#### Work instruction:
Retype exactly the span of lines below from the one with "Acrylic Clear Red Parcels with White LEDS" through the one with "Pastel Freshwater Pearl". Do not include pictures.

#### Materials provided:
###

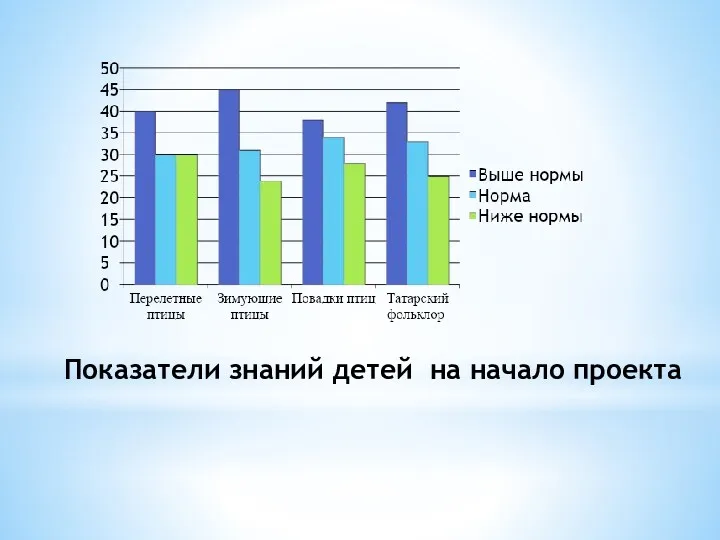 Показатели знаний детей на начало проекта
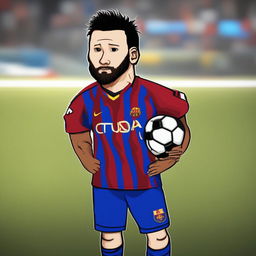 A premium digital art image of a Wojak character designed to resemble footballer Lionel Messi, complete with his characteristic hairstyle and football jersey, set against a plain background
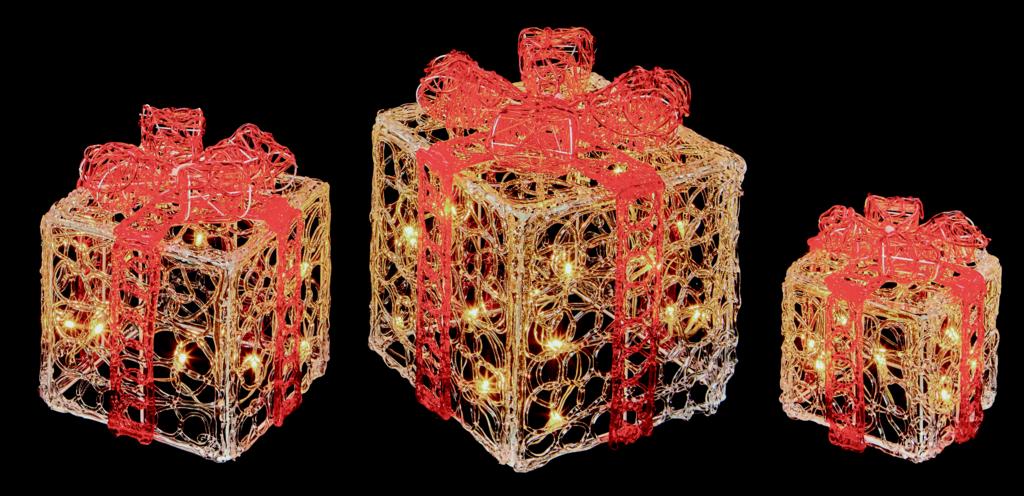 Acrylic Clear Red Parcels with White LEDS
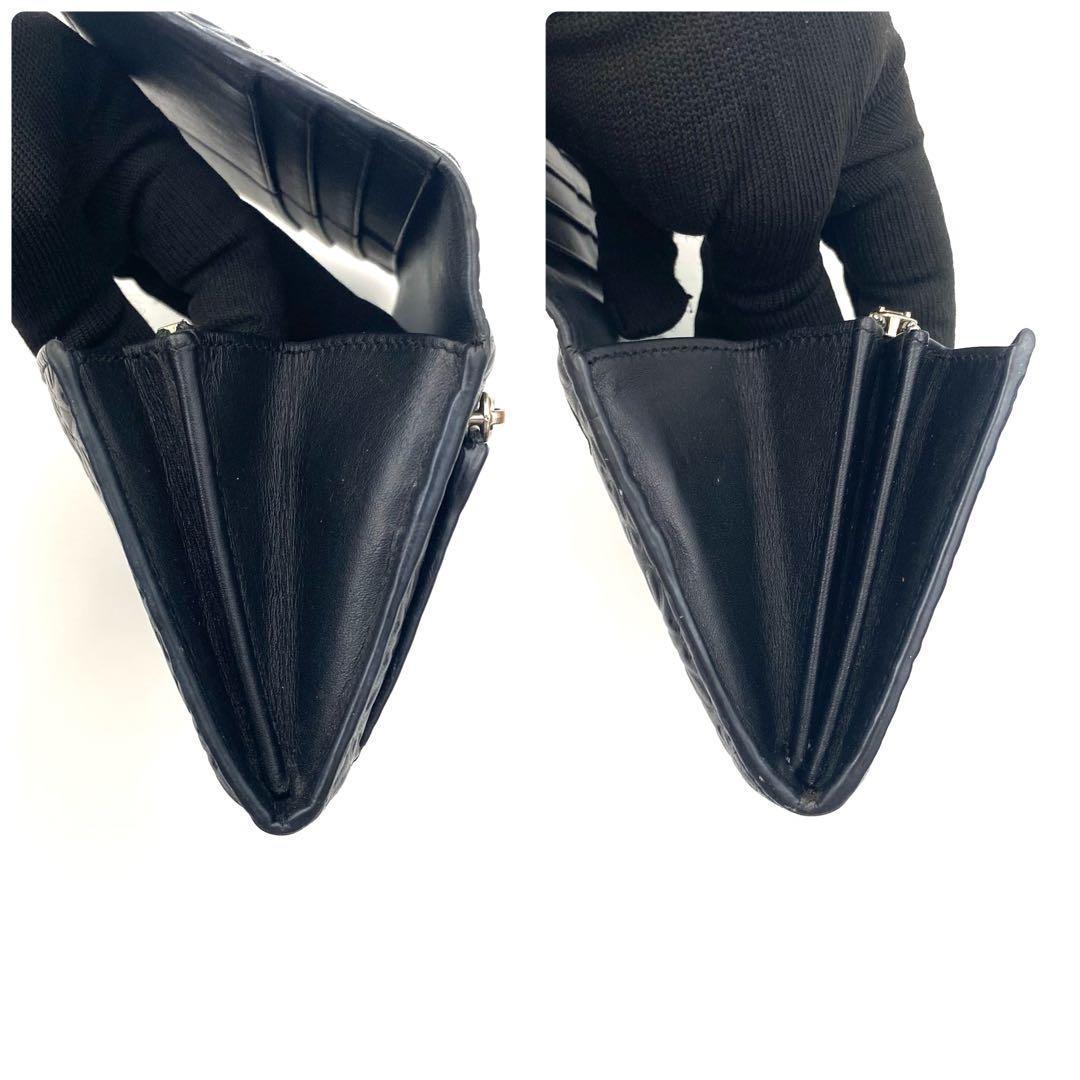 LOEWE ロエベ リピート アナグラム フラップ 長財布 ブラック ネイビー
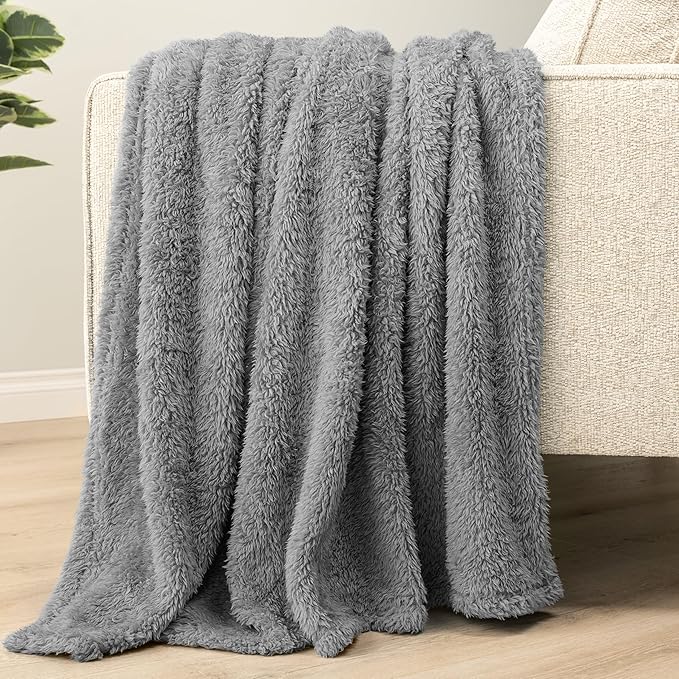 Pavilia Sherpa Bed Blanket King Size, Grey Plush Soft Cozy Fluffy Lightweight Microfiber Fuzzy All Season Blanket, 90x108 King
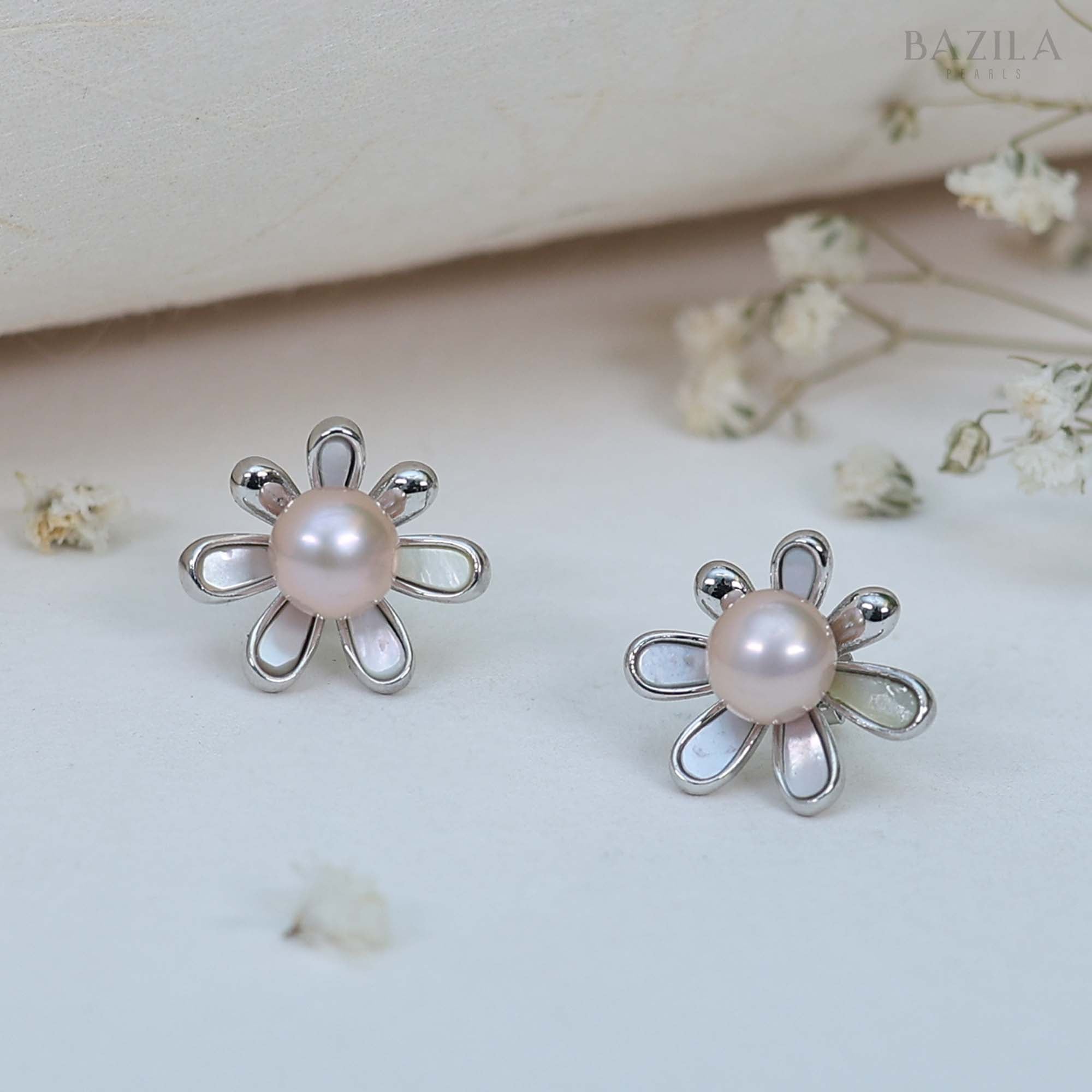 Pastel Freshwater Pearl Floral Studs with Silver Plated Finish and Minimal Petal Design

###

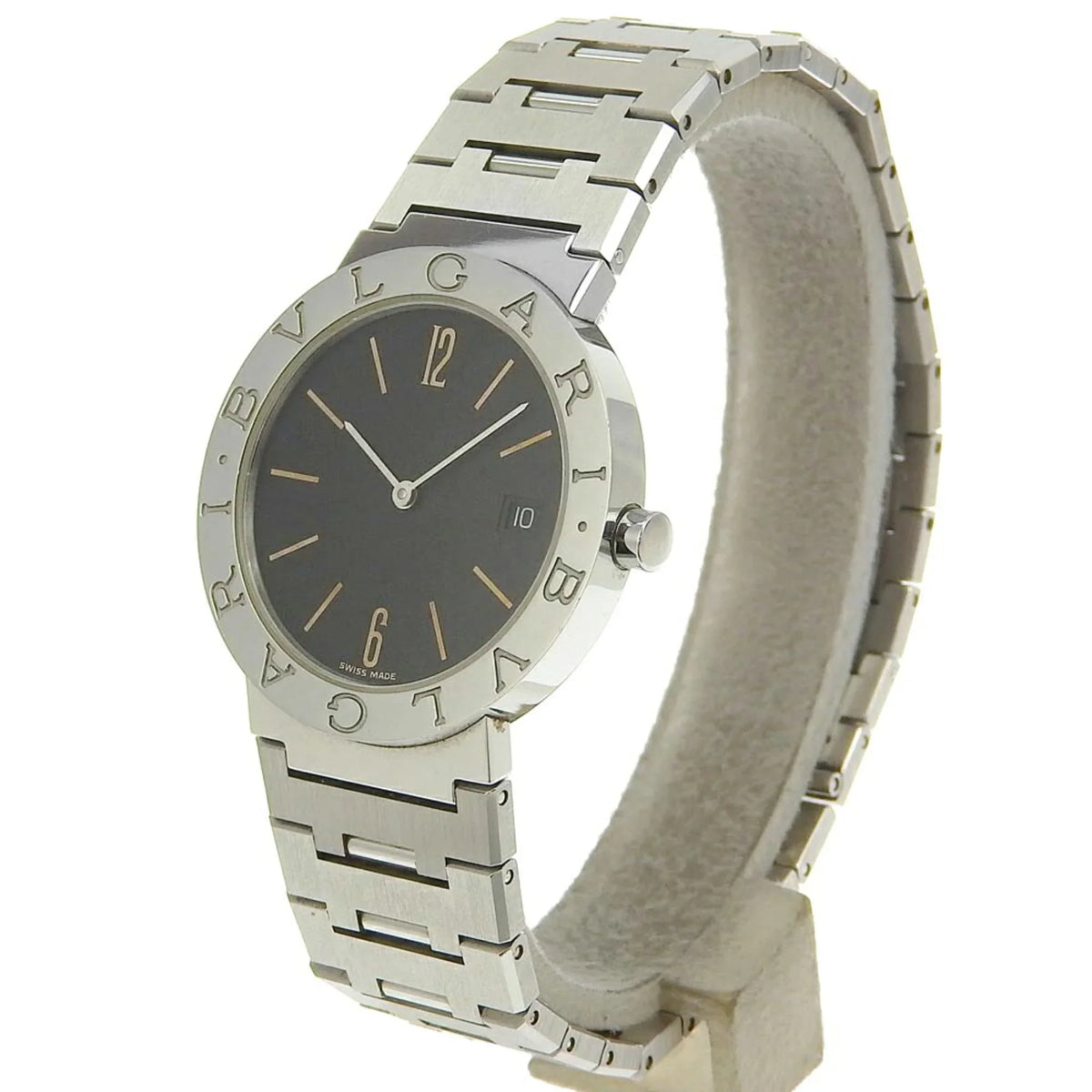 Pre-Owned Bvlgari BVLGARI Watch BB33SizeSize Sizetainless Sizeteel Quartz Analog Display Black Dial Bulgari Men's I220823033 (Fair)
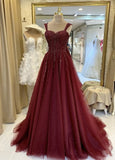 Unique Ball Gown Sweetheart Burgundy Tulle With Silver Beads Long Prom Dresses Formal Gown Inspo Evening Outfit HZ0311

###

#### Exercise solution:
 Acrylic Clear Red Parcels with White LEDS
 LOEWE ロエベ リピート アナグラム フラップ 長財布 ブラック ネイビー
 Pavilia Sherpa Bed Blanket King Size, Grey Plush Soft Cozy Fluffy Lightweight Microfiber Fuzzy All Season Blanket, 90x108 King
 Pastel Freshwater Pearl Floral Studs with Silver Plated Finish and Minimal Petal Design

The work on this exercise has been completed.